3. Pentingnya Uji Cepat Keamanan Pangan
Pemerintah telah mendorong penggunaan test kit bahan berbahaya di berbagai daerah untuk mendukung program pengawasan pangan. Test kit ini mampu mendeteksi keberadaan bahan seperti formalin, boraks, rhodamin B, metanil yellow, nitrit, dan peroksida secara cepat dan akurat.
Penggunaan alat uji ini penting bagi:
- Dinas Kesehatan dan BPOM daerah, dalam pelaksanaan pengawasan pangan rutin.
- Pelaku usaha pangan, sebagai upaya kontrol mutu produk yang dihasilkan.
- Sekolah, koperasi, dan lembaga konsumsi publik, untuk memastikan makanan yang dikonsumsi aman.
Dengan penerapan uji cepat ini, diharapkan kasus MBG dan kejadian keracunan akibat bahan kimia dalam makanan dapat ditekan secara signifikan.
Kasus MBG di Indonesia menjadi cerminan bahwa ancaman bahan kimia berbahaya dalam makanan masih nyata. Penggunaan zat seperti rhodamin B, metanil yellow, formalin, boraks, peroksida, iodina, dan nitrit bukan hanya melanggar hukum, tetapi juga membahayakan kesehatan masyarakat.

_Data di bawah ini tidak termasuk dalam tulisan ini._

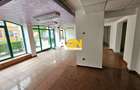 Spatiu comercial cu expunere stradala, 115 mp utili, str. V. Goldis - 2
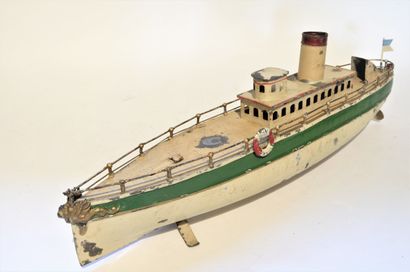 UBERLACKER UBERLACKER bateau de rivière peint en crème et vert, une cheminée, lg....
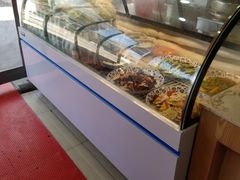 面包甜点陈列柜-邢老三肉丸胡辣汤腊牛肉夹馍(朗福大厦店)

Melalui program pengawasan pangan terpadu dan penerapan test kit cepat, pemerintah bersama masyarakat diharapkan dapat mewujudkan rantai pangan yang aman, sehat, dan bebas bahan kimia berbahaya. Langkah pencegahan melalui edukasi, pengujian, dan penegakan hukum harus terus diperkuat agar tidak ada lagi kasus keracunan atau MBG akibat makanan yang tidak memenuhi standar keamanan.
Daftar Pustaka
- Badan Pengawas Obat dan Makanan Republik Indonesia (BPOM). (2022). Peraturan BPOM No. 11 Tahun 2019 tentang Bahan Tambahan Pangan yang Dilarang Digunakan dalam Pangan.

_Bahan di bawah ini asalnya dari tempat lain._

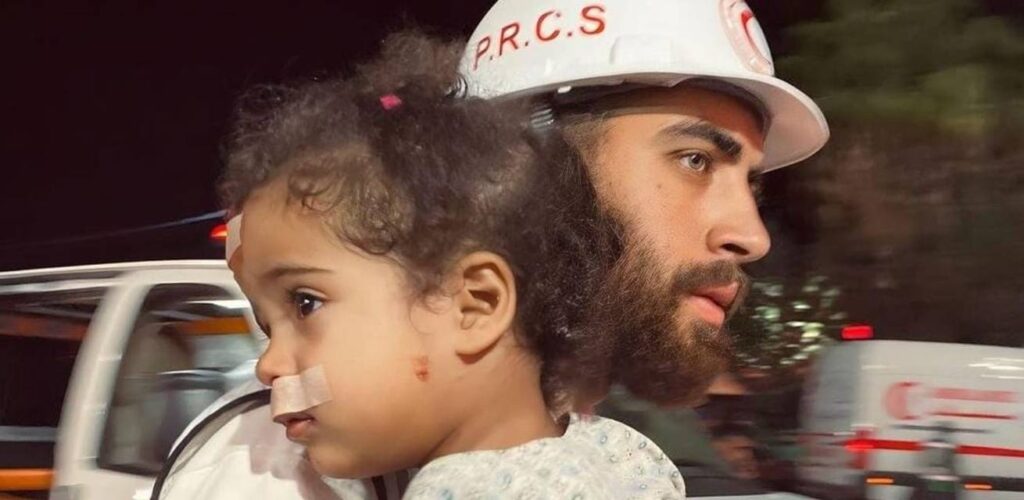 Rode Kruis hulpverlener met kind in Gaza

- BPOM RI. (2023). Hasil Pengawasan Pangan Jajanan Berbuka Puasa Ramadhan: Deteksi Bahan Kimia Berbahaya.
- Kementerian Kesehatan RI. (2024). Laporan Kasus MBG dan Program Pengawasan Keamanan Pangan Nasional.
- WHO. (2023). Food Safety: Chemical Hazards and Risk Prevention.
- FAO/WHO Codex Alimentarius. (2022). General Standard for Contaminants and Toxins in Food and Feed.